## Excerpts from a dataset
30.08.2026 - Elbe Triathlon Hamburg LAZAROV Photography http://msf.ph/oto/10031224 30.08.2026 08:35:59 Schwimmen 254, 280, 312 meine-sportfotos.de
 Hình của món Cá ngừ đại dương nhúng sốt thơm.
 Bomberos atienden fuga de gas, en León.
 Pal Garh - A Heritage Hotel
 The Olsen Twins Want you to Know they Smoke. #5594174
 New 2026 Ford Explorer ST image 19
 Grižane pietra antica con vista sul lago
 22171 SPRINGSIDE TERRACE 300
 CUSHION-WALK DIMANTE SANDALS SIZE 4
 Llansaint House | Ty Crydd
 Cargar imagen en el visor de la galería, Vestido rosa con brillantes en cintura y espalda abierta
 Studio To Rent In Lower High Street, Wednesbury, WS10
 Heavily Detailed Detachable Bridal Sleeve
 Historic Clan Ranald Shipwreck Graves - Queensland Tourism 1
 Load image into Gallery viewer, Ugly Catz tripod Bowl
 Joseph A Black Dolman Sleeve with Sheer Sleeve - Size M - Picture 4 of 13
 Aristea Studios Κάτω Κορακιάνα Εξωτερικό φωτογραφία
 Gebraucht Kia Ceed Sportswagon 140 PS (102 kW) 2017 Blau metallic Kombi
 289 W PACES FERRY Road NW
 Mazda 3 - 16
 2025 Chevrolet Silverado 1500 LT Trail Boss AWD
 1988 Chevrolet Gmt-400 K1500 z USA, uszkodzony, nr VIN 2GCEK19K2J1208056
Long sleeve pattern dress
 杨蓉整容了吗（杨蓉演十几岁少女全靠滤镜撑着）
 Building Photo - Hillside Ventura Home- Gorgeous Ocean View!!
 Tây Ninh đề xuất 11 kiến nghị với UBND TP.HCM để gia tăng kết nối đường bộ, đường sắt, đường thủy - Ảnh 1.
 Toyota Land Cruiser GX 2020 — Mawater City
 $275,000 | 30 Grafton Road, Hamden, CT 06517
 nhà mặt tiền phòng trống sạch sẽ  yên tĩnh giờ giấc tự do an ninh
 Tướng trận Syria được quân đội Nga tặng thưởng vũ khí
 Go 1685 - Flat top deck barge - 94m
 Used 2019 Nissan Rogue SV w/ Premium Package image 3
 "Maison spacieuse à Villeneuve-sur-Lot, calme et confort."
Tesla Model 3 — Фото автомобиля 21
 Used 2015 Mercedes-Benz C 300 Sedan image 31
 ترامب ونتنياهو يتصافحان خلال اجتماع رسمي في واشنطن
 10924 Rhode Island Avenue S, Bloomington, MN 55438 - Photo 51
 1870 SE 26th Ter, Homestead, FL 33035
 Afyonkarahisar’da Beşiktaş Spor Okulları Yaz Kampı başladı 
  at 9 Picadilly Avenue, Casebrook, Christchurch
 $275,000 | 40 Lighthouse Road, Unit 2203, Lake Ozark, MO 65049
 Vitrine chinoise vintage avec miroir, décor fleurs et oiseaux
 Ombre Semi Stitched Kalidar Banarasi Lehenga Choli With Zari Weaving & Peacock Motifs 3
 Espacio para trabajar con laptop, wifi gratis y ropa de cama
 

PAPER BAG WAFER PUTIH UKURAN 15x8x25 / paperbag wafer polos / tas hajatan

## Exercise goal
In these records, tally the lines that contain the string "Avenue", and give only the result.

## Response area
2